WASHINGTON — The chairman of the House Homeland Security Committee said Sunday that the FBI is investigating in the United States and overseas to determine whether the suspects in the Boston Marathon bombing received training that helped them carry out the attack.

Dzhokhar Tsarnaev, 19, is charged with joining with his older brother, Tamerlan, who’s now dead, in setting off the shrapnel-packed pressure-cooker bombs. The bombs were triggered by a remote detonator of the kind used in remote-control toys, U.S. officials have said.

U.S. officials investigating the bombings have said that so far there is no evidence of a wider plot, including training, direction or funding for the attacks.

A criminal complaint outlining federal charges against Dzhokhar Tsarnaev described him as holding a cellphone in his hand minutes before the first explosion. The brothers are ethnic Chechens from Russia who came to the U.S. about a decade ago with their parents.

“I think given the level of sophistication of this device, the fact that the pressure cooker is a signature device that goes back to Pakistan, Afghanistan, leads me to believe — and the way they handled these devices and the tradecraft — ... that there was a trainer and the question is where is that trainer or trainers,” said Rep. Michael McCaul, R-Texas, on “Fox News Sunday.”

Rep. Adam Schiff, D-Calif., of the House Intelligence Committee, said he thought it’s “probably true” that the attack was not linked to a major group.
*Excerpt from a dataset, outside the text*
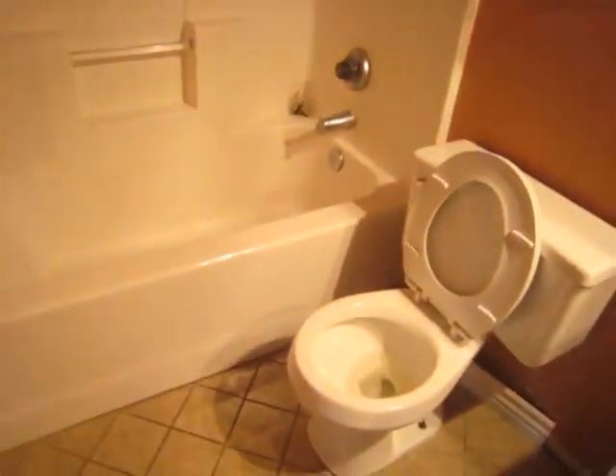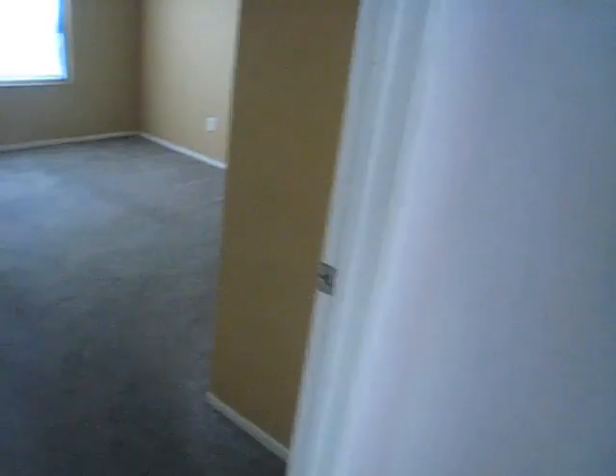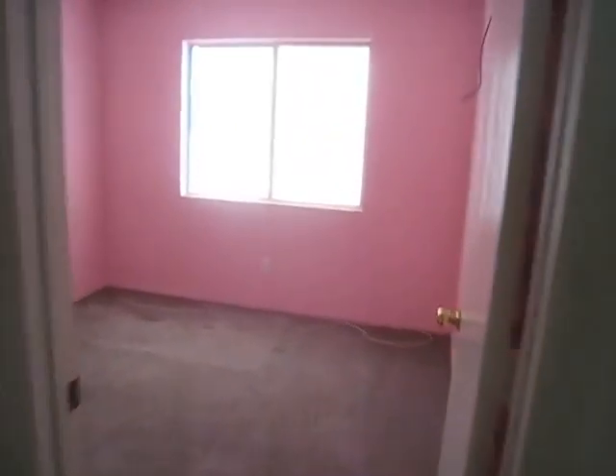Definitely needs painting, but the floors here are beautiful. Can't really see what's going on inside here, but it looks fine. Some minor repairs needed. That carpet here needs to be replaced. There's a little walk-in closet. Two bedrooms.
But, he told CNN’s “State of the Union,” that there “may have been radicalizing influences” in the U.S. or abroad. “It does look like a lot of radicalization was self-radicalization online, but we don’t know the full answers yet.”

On ABC’s “This Week,” moderator George Stephanopoulos raised the question to the chairman of the House Intelligence Committee about FBI suspicions that the brothers had help in getting the bombs together. “Absolutely, and not only that, but in the self-radicalization process, you still need outside affirmation,” responded Rep. Mike Rogers, R-Mich.